Mitten in Unterschleißheim:Verlorenes Einkaufsparadies

Wer die Einsamkeit sucht, ist im Isar-Amper-Einkaufszentrum richtig - und bekommt noch eine Reise in die Vergangenheit dazu.

Kolumne von Bernhard Lohr

Was? Sie möchten gerne mal alleine sein. So ganz für sich. Dann gehen Sie doch ins Einkaufszentrum. Das klingt natürlich wie ein ziemlich platter Witz, wenn man den Trubel im Olympia-Einkaufszentrum in München vor Augen hat. Dort treten sich die Leute ja in die Hacken. Dort gehen die Leute ja nicht nur zum Shoppen hin, auch die Plätze in den Cafés sind gut belegt, weil viele offenbar angesichts der Hitze draußen lieber in der klimatisierten Mall ein Eis essen. Der Sommer ist vielen mittlerweile längst unheimlich geworden. Zu trocken, zu heiß.

Wem außer der prallen Sonne auch die großen Menschenansammlungen zu viel werden, sollte sich wirklich mal überlegen, nach Unterschleißheim zu fahren, und dort ins Isar-Amper-Einkaufszentrum zu gehen. Ein Eis kriegt er vielleicht sogar auch, wenn er in der Kühltruhe beim Bonus-Markt nachschaut. Aber vor allem findet er dort Ruhe, viel Platz und ein Erlebnis der besonderen Art. Das IAZ wirkt wie aus der Zeit gefallen. Seit längerem stehen fast alle Ladengeschäfte leer. Der mehrgeschossige Bau, am Rathausplatz im Herzen von Unterschleißheim eigentlich gut gelegen, fristet ein Dasein wie Dornröschen im Glassarg: Mehr tot als lebendig, seit klar ist, dass er abgerissen wird. Ende des Jahres muss auch noch der von einer gemeinnützigen GmbH getragene Bonus-Markt raus.
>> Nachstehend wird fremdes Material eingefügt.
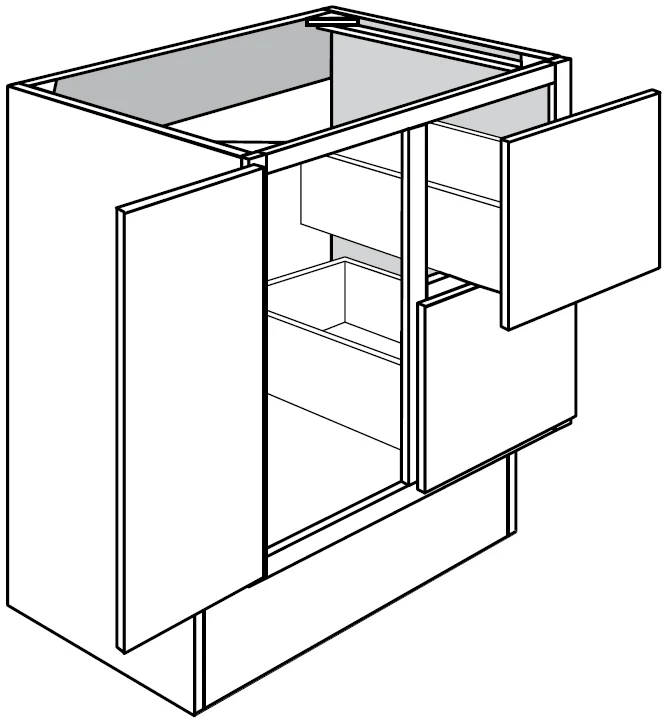 Vanity Base w/ Drawers Right 30 W X 32-1/2 H X 21 D – Nantucket Linen by Horning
Viele haben das IAZ gedanklich längst aus dem Stadtplan gestrichen. Ins Erdgeschoss verirren sich ja noch manche. Aber im ersten Stock ist man praktisch alleine. Ein Orgelmuseum hat sich dort niedergelassen. Hinter einer Schaufensterfront ist eine beeindruckende Zahl an Orgeln und Akkordeons zu erkennen. Der Blick auf zwei Plakate, die in der einstigen Mall an der Wand hängen, steigert das Gefühl der Verlorenheit ins nahezu Unermessliche. Sie künden von zwei Kunstausstellungen im Jahr 1996. Dass eines davon auf eine Fotoschau in der Städtischen Galerie Göppingen verweist, die "Verlorenes Paradies" hieß, passt zur Szenerie. Ein Einkaufsparadies war das IAZ vielleicht mal. Es ist untergegangen wie das Südsee-Idyll, von dem die Fotos von Giovanni Rizzoli kündeten, die 1996 gezeigt wurden.